(Directions for this task) Nothing but the pictures may be left out. Restate the rest of the entries word for word.

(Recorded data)

-- Opening Marker --

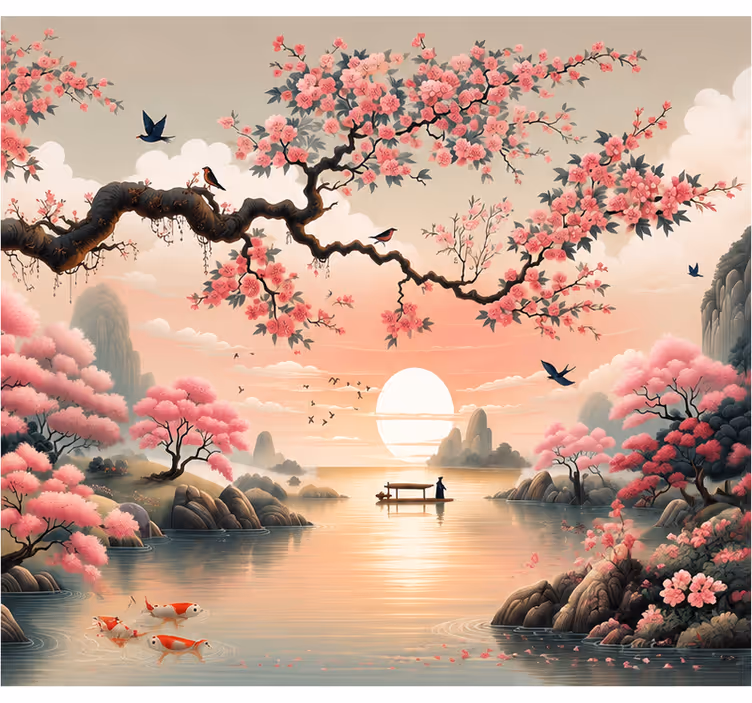 Fotobehang stad japanse stijl - TenStickers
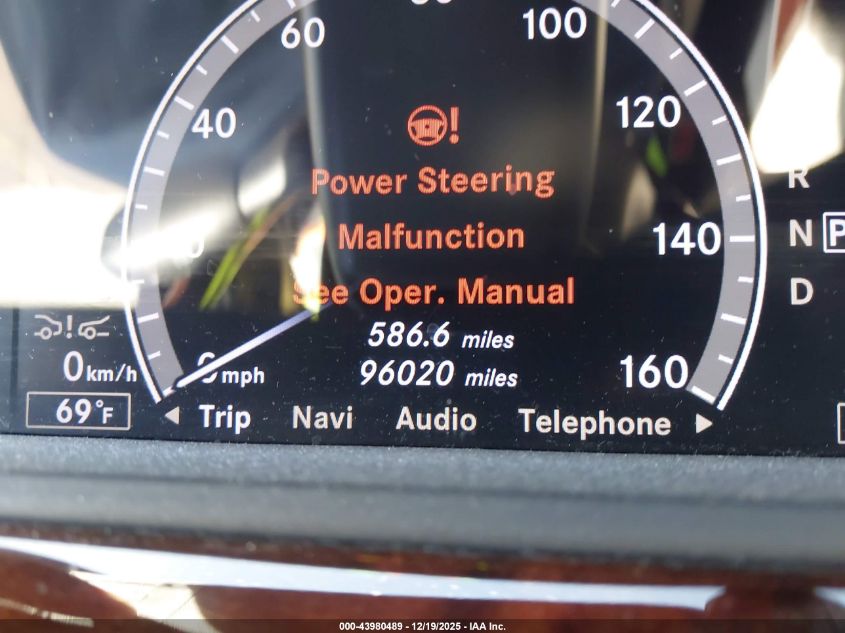 2013 Mercedes-Benz S 550 VIN: WDDNG7DB4DA516423 Lot: 43980489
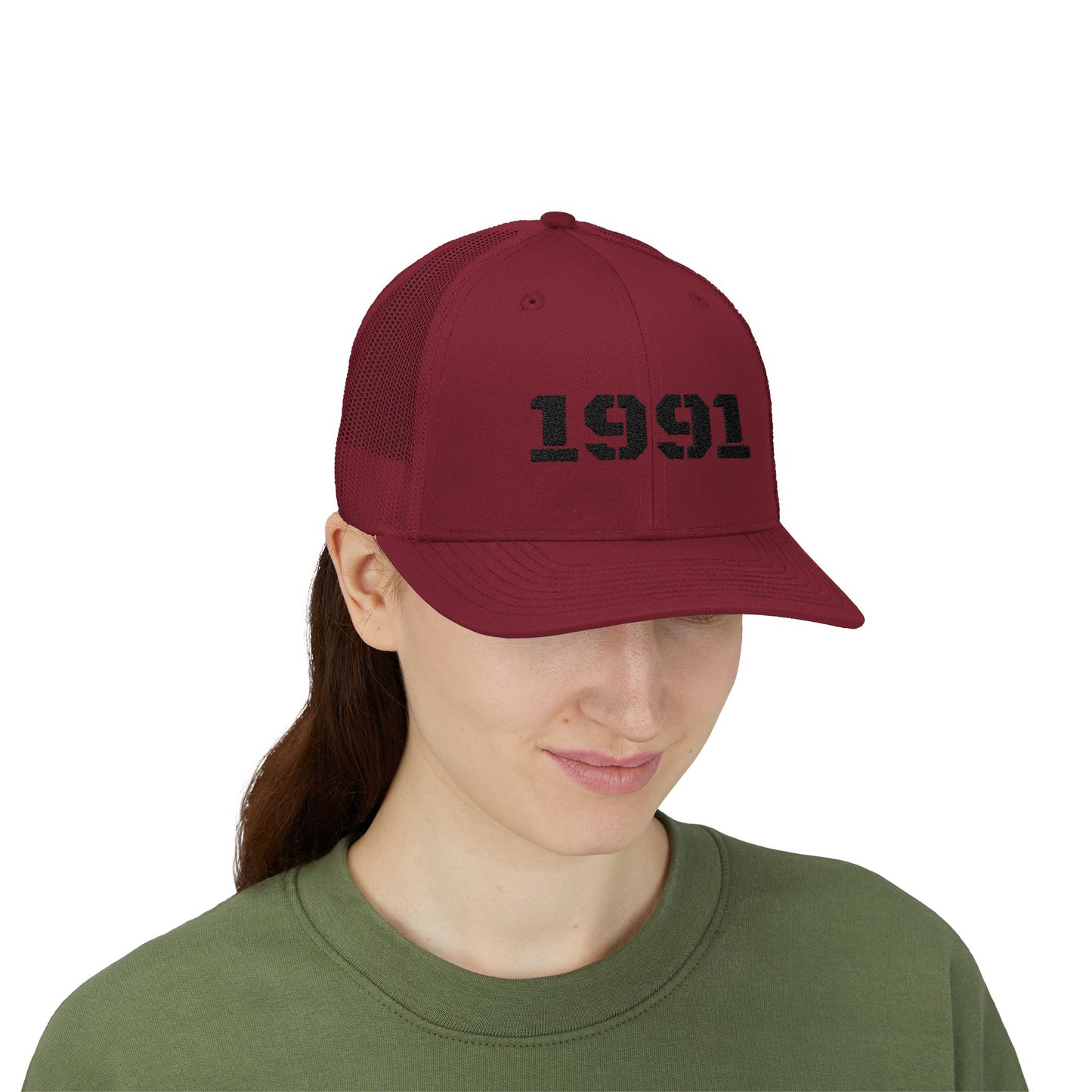 Vintage 1991 Snapback Trucker Cap, Retro Hat, Unisex Baseball Cap, Gift for Birth Year 1991, Casual Style Headwear - TRV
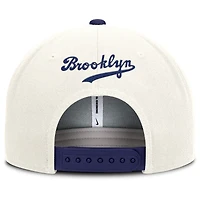 Men's Nike White/Royal Brooklyn Dodgers Cooperstown Collection Pro Dri-FIT Snapback Hat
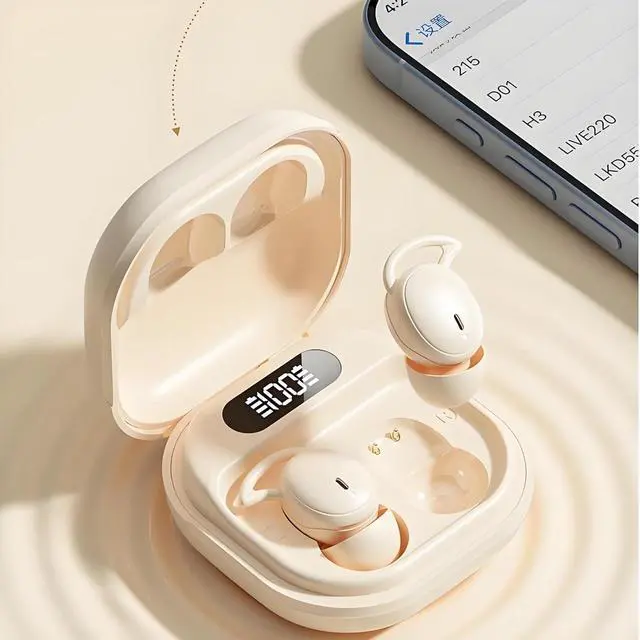 Alt view image 5 of 6 - Wireless Sleep Earbuds with Bluetooth 5.4, Ultra-Light in-Ear Invisible Earphone, Comfortable Sleep Headphones for Side Sleepers for Night Use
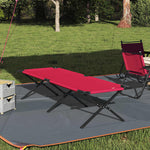 Sammenleggbar Camping Seng Rød Oxford-Stoff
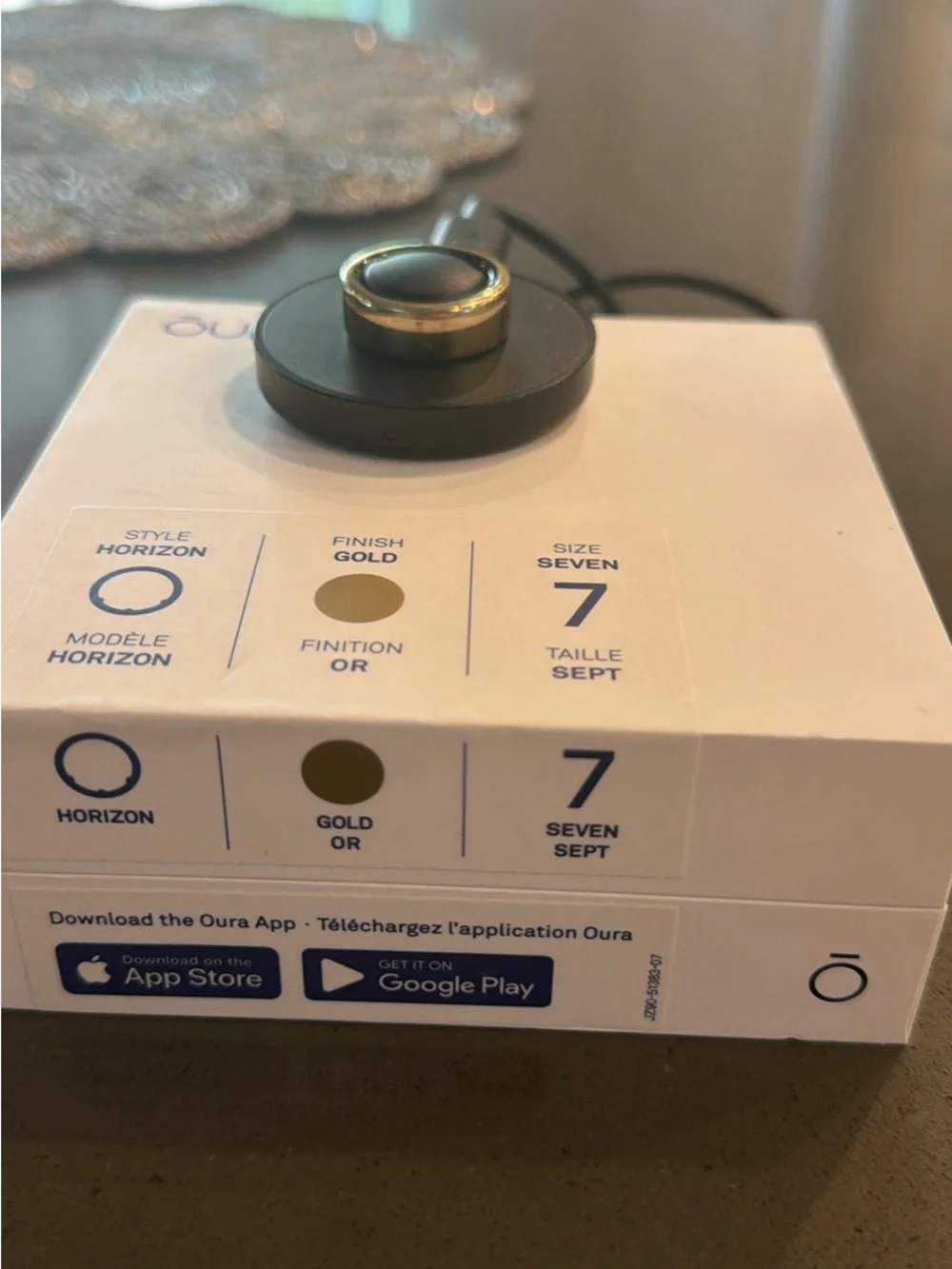 Oura Ring Horizon in Gold  Gen3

-- Closing Marker --

(Solution for this task)
 Fotobehang stad japanse stijl - TenStickers
 2013 Mercedes-Benz S 550 VIN: WDDNG7DB4DA516423 Lot: 43980489
 Vintage 1991 Snapback Trucker Cap, Retro Hat, Unisex Baseball Cap, Gift for Birth Year 1991, Casual Style Headwear - TRV
 Men's Nike White/Royal Brooklyn Dodgers Cooperstown Collection Pro Dri-FIT Snapback Hat
 Alt view image 5 of 6 - Wireless Sleep Earbuds with Bluetooth 5.4, Ultra-Light in-Ear Invisible Earphone, Comfortable Sleep Headphones for Side Sleepers for Night Use
 Sammenleggbar Camping Seng Rød Oxford-Stoff
 Oura Ring Horizon in Gold  Gen3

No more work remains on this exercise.